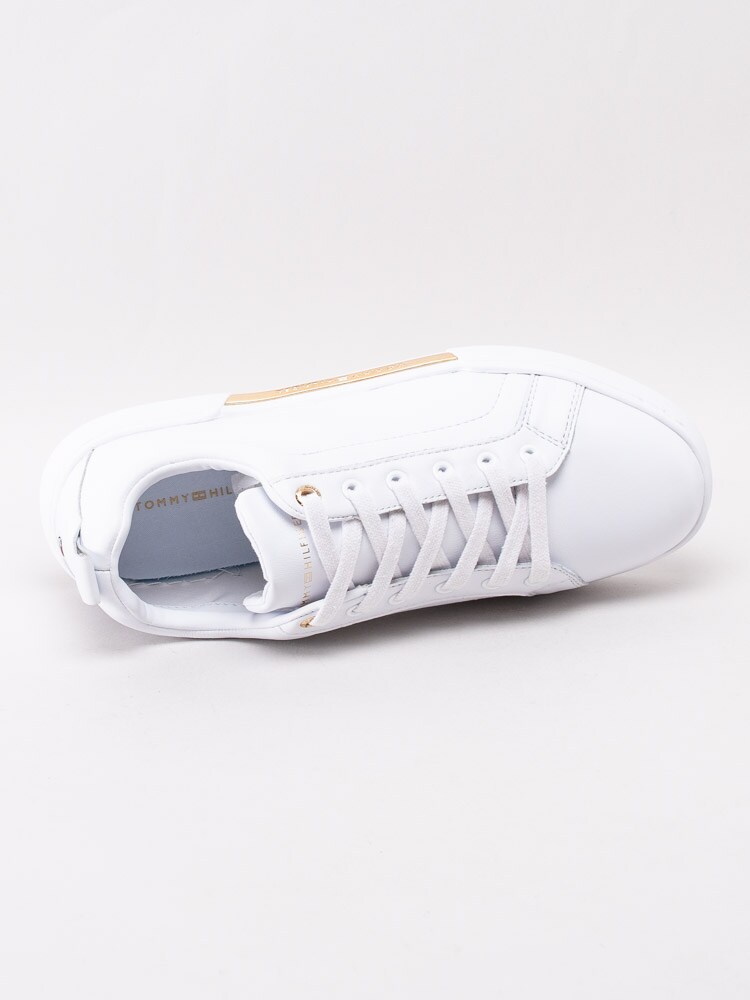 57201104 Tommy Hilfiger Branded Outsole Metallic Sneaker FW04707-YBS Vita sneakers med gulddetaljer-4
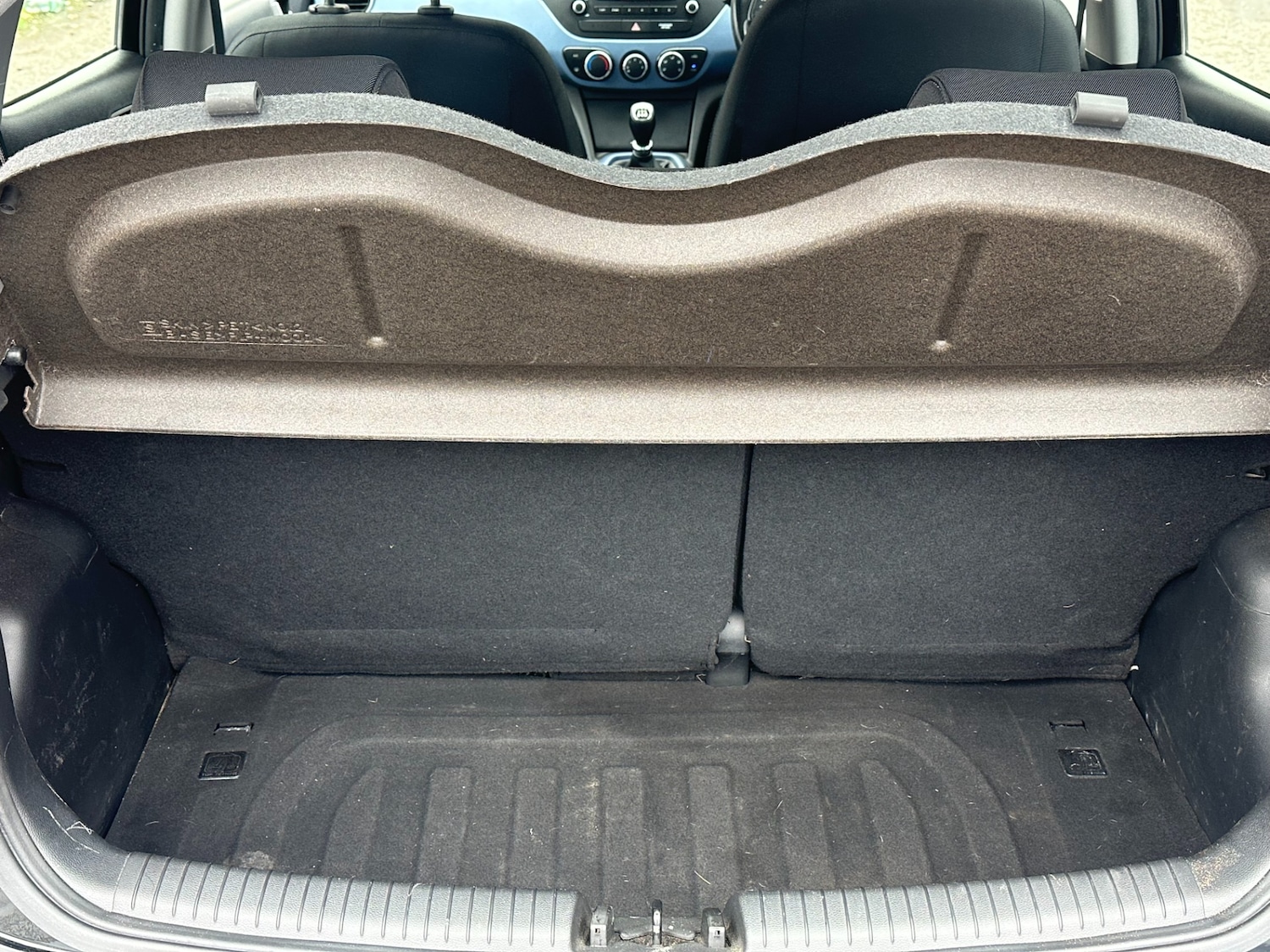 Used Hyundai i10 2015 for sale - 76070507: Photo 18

--

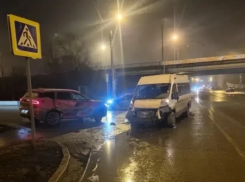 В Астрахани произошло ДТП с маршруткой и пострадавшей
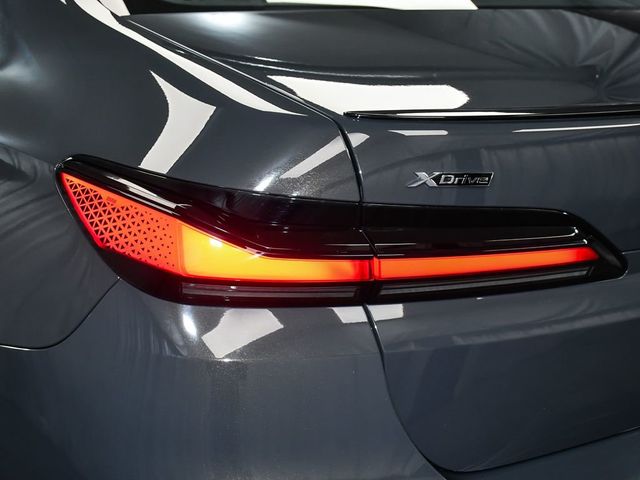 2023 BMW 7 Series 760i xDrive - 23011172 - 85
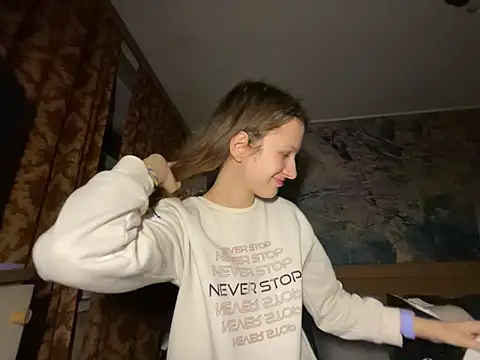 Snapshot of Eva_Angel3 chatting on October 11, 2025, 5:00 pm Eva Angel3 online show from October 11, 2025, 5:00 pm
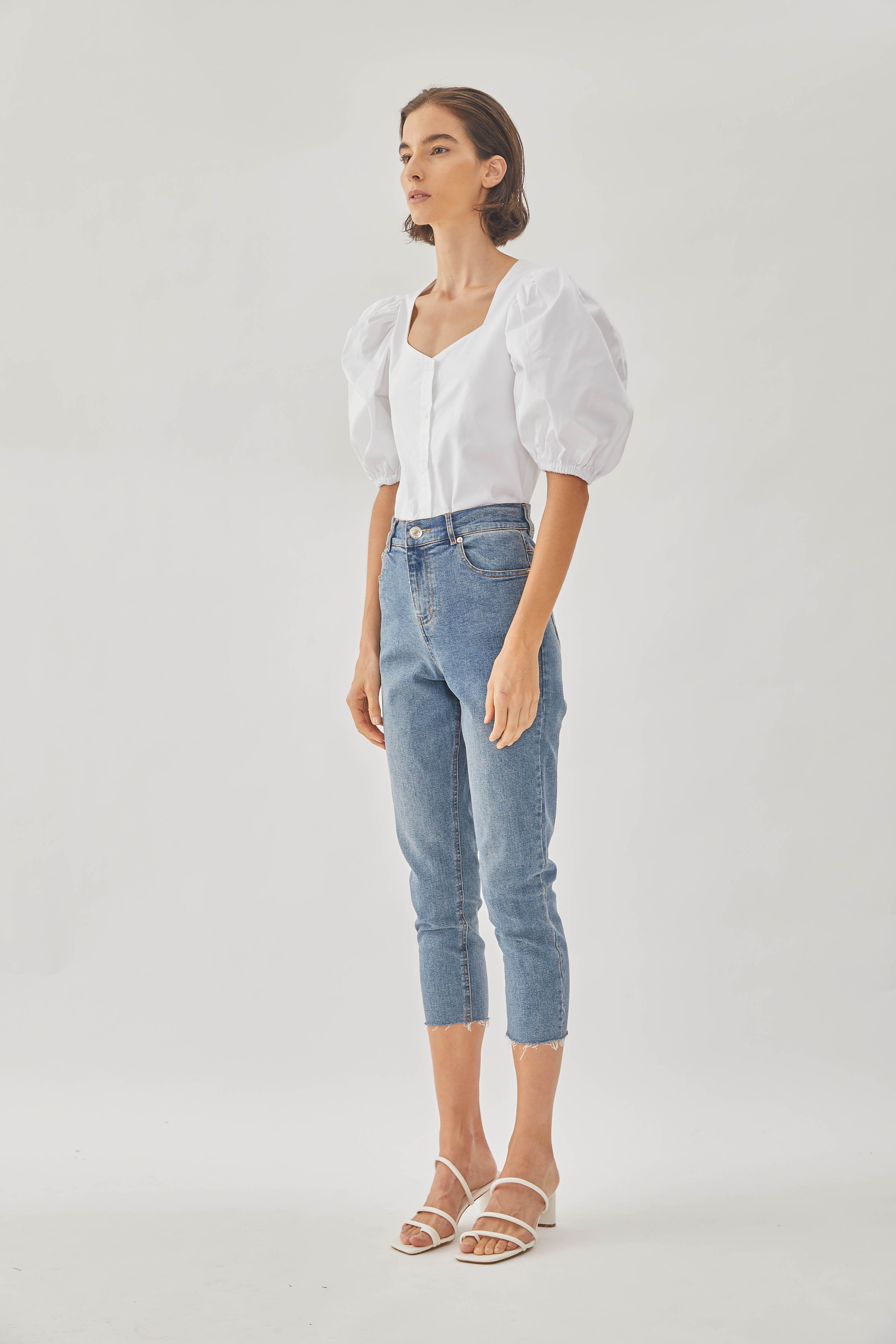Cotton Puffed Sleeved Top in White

---

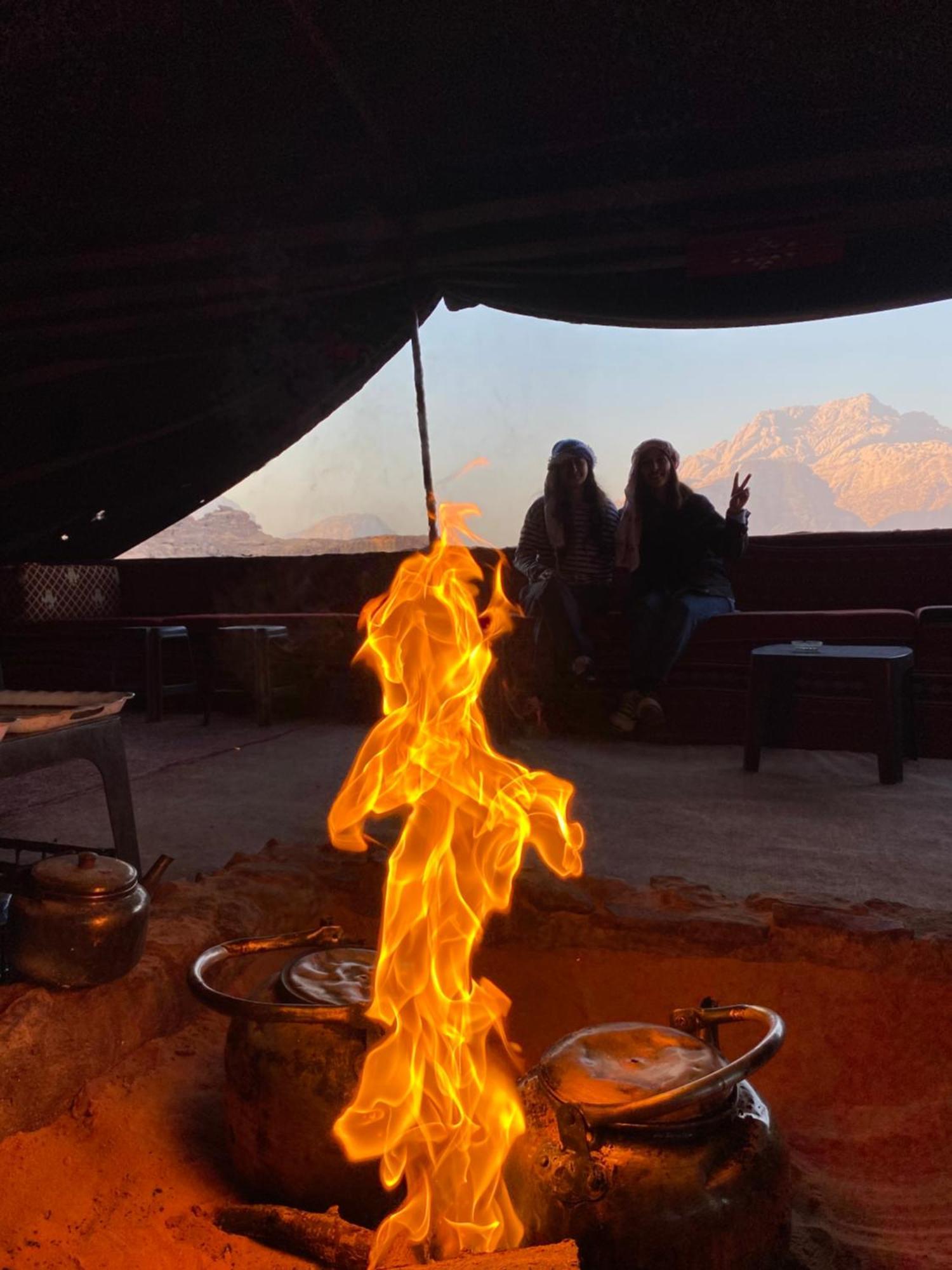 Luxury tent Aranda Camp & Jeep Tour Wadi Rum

**Work to be completed:**
The answer should consist only of the lines above from the one with "57201104 Tommy Hilfiger" through the one with "Used Hyundai i10", repeated exactly, with no pictures among them.

**Reply:**
 57201104 Tommy Hilfiger Branded Outsole Metallic Sneaker FW04707-YBS Vita sneakers med gulddetaljer-4
 Used Hyundai i10 2015 for sale - 76070507: Photo 18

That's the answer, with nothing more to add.